WKSK
- West Jefferson, North Carolina; United States;
- Frequencies: 580 kHz & 93.5 MHz

Programming
- Format: Country music
- Affiliations: ABC Radio News Motor Racing Network Performance Racing Network

Ownership
- Owner: Caddell Broadcasting, Inc.

History
- First air date: 1959
- Call sign meaning: Initials of owner Jim Childress' daughter Suzanne

Technical information
- Facility ID: 8146
- Class: D
- Power: 5,000 watts day 34 watts night
- Transmitter coordinates: 36°24′39.00″N 81°29′46.00″W﻿ / ﻿36.4108333°N 81.4961111°W

Links
- Webcast: listen live
- Website: 580wksk.com

= WKSK (AM) =

WKSK is an AM radio station in West Jefferson, North Carolina. It is operated by Caddell Broadcasting, Inc., and broadcasts on a frequency of 580 kHz and, as of June 2014, simulcast on 93.5 MHz in FM stereo. Its 5,000-watt AM signal covers Ashe County, North Carolina and extends into neighboring Watauga, Wilkes and Alleghany counties in North Carolina, Grayson County, Virginia and Johnson County, Tennessee.

The station's slogan is "Today's Country, Yesterday's Favorites."

WKSK's studios and transmitter are located off NC 194, on a hill overlooking West Jefferson that local residents have dubbed "radio hill." WKSK originally was licensed to broadcast only from sunrise to sunset. It now has authority to broadcast at night on a reduced signal, though its post-7 p.m. broadcasts are restricted to coverage of local high school football and basketball games. Most hours begin with ABC News Radio

==History==
WKSK went on the air in 1959, at 1600 kHz and with only a signal of 500 watts. In the 1980s, the station had the opportunity to increase its signal strength to 1,000 watts, which required changing its frequency to 580 kHz. In 2001, signal strength was raised again, to its present level of 5,000 watts.

In the 1960s, WKSK carried an eclectic mix of programming of gospel, country and pop music. From 3-5 p.m. each weekday the station aired the teen-oriented K-Club, featuring the latest hits of Herman's Hermits, the Dave Clark Five, Peter and Gordon and other pop groups of that decade. At 5 p.m., the station aired Our Best To You, a selection of easy listening music. Our Best To You continued until the station's sign-off, which in the winter months would be as early as 5:15 p.m.

In the 1970s and 1980s, the station migrated to its current all-country format. WKSK still broadcasts a daily program of gospel music, daily obituary reports, and locally produced religious programs on Sunday mornings.

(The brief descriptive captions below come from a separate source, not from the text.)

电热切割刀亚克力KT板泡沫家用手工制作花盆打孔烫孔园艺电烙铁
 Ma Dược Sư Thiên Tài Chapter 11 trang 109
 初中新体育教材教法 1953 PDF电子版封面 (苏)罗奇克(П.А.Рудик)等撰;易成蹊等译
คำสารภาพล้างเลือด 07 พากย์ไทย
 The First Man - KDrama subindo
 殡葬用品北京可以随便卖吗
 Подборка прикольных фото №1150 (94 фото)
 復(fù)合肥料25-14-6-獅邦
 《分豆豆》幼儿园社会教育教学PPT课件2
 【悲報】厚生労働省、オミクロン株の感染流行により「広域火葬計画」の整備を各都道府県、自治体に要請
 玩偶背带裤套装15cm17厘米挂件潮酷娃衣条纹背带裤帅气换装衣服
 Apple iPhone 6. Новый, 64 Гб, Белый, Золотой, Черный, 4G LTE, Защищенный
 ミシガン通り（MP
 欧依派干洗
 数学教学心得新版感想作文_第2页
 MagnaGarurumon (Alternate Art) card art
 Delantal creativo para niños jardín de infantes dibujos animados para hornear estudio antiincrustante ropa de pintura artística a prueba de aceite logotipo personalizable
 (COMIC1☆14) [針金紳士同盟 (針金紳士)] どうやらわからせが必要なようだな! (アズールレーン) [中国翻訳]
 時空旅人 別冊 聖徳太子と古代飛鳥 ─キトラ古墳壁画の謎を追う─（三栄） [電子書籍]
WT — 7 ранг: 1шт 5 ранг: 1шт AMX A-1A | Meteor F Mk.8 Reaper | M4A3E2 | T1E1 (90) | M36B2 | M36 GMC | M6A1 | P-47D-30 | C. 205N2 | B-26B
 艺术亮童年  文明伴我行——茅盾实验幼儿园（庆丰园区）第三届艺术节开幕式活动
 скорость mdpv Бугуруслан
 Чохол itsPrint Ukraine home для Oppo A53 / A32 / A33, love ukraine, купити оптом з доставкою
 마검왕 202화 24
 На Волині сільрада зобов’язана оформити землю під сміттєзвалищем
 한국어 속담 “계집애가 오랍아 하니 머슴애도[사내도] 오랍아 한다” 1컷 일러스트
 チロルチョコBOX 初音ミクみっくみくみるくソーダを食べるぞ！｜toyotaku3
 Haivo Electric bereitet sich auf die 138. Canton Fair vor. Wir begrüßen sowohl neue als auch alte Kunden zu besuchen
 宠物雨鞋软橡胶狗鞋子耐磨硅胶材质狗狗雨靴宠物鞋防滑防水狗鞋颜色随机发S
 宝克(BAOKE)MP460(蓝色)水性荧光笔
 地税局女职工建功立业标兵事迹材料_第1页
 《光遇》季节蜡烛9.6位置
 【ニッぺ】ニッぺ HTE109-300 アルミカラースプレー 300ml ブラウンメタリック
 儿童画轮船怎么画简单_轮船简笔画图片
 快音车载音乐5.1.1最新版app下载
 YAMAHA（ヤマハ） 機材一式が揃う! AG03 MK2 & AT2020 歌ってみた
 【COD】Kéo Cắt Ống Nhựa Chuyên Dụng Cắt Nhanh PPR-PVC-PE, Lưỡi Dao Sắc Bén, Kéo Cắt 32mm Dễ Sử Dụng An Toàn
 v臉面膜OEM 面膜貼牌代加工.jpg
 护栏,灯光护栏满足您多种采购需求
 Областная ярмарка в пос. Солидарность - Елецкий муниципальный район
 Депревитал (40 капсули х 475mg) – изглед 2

In 2008, US Congresswoman Virginia Foxx honored WKSK for its service to Ashe County, NC, in a 1-minute speech on the floor of the United States House of Representatives. Her remarks were as follows:

Mr. Speaker,

I rise today to honor a pillar of the Ashe County, North Carolina, community, WKSK radio and its owner Jan Caddell. Most of the Fifth District of North Carolina is a rural landscape, and beautiful, mountainous Ashe County is no exception.

As people who live in rural America well know, local radio stations are often the lifeblood of vital community life. WKSK radio is just such a radio station, and recent audience measurement results illustrate just that. According to these results, WKSK has the most loyal local audience in its home county of any station in North Carolina.

Next year, WKSK will celebrate the 50-year mark of service to the people of Ashe County. The fact that nearly 55 percent of listeners in Ashe tune their radios to WKSK, seven times more than the next closest station, is a true testament to the emphasis that WKSK places on serving Ashe County.

WKSK radio is a real community fixture, and I wish the station 50 more years of sterling service to the High Country.